System support software 364 may include server side functionality
to provide a robust and reliable server. This includes, but is not
limited to, security software, load-balancing software for servers,
failover clusters for servers, and a global system clock. For
example, a load balancer may include a request dispatcher that
serves the requests to multiple application servers in round robin
order. In this way, processing is evenly distributed across
multiple servers enabling scalability. Another example is a
failover cluster where multiple application servers or multiple
database servers operate in parallel redundantly. Where an
application server crashes, or a database server crashes, the
failover cluster will turn processing over to the redundant backup
server thus ensuring system uptime.
Extensibility Model
[0091] In general, the distributed application platform is
extensible in the external data it uses, in the data models, data
analysis models, and data analysis algorithms, and in its queries.
The system database 320 has an architecture support loaders 331
where different kinds of data may be referenced by the system
database 320 and alternatively data imported into the system
database 320. Datasets, data models and data analysis models are
exportable via dataset exporter 336. Third party analysis
algorithms 344 and converters 345 may be added at any time. Queries
along with display parameters of a particular graphical
presentation are exportable via query exporter 346. Because of
these entry points into the system, the distributed application
platform may provide an application programming interface ("API")
to allow further customization of the distributed analysis
platform.
Overview of Operation
[0092] FIG. 4 illustrates the method of operation of the
distributed application platform. Specifically, a user creates or
specifies one or more datasets to be analyzed, and creates a data
analysis model in a data management process 410. The data
management process is described in detail with reference to FIG. 6.

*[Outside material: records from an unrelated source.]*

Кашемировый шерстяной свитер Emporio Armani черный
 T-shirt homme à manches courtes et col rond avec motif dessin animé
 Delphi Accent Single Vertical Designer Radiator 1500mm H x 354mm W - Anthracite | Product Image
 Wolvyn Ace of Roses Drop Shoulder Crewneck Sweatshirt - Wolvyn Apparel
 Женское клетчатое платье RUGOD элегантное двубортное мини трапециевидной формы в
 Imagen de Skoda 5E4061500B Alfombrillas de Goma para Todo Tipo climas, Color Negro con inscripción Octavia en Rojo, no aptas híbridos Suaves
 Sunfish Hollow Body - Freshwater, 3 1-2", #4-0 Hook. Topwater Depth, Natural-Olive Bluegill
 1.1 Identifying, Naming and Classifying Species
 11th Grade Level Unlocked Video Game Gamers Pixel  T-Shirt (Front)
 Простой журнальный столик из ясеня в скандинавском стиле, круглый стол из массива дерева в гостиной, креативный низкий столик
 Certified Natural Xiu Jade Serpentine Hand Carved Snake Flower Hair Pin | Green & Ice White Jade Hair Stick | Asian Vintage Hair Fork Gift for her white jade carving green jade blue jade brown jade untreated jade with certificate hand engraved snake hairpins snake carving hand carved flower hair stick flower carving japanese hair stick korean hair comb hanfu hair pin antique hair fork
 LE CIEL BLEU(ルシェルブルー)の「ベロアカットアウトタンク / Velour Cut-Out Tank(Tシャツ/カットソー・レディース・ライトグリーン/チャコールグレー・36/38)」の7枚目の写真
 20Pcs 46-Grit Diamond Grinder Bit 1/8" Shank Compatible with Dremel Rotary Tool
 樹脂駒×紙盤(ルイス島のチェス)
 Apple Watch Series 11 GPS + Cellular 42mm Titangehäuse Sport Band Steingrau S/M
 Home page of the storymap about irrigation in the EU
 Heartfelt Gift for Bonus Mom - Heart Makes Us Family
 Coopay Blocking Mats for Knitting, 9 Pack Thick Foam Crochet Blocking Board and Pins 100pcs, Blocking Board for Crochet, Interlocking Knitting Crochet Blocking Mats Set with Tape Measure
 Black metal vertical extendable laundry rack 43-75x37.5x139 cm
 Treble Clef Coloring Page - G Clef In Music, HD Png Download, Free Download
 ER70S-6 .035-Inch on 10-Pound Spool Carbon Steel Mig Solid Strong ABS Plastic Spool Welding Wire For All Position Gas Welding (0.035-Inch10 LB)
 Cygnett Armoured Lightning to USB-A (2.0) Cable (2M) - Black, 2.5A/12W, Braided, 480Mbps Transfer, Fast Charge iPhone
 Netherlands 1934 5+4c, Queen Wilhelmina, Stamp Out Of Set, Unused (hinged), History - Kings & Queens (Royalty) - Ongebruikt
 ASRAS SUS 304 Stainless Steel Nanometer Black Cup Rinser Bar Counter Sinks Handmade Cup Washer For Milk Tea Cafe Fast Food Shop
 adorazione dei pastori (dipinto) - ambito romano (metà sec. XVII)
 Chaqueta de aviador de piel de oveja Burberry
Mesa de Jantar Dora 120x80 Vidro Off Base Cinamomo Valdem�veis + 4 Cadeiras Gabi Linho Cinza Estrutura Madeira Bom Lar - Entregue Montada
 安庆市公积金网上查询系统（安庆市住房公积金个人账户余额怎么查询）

The user then performs data analysis by applying data analysis
algorithms to the data analysis model in data analysis process 420.
The data analysis process is described in further detail with
reference to FIG. 7. Finally, the user may perform data
visualization and data exploration either online or offline in the
data visualization and data exploration process 430. The data
visualization and data exploration process is described in detail
with reference to FIG. 10.
[0093] FIGS. 5A, 5B, and 5C provide exemplary UI for the data
management process, data analysis process, and the data
visualization process, respectively. The exemplary UI in FIGS. 5A,
5B, and 5C is preferentially hosted in a web browser. Other
controls such as hyperlinks and navigation buttons from the web
browser and underlying content are available.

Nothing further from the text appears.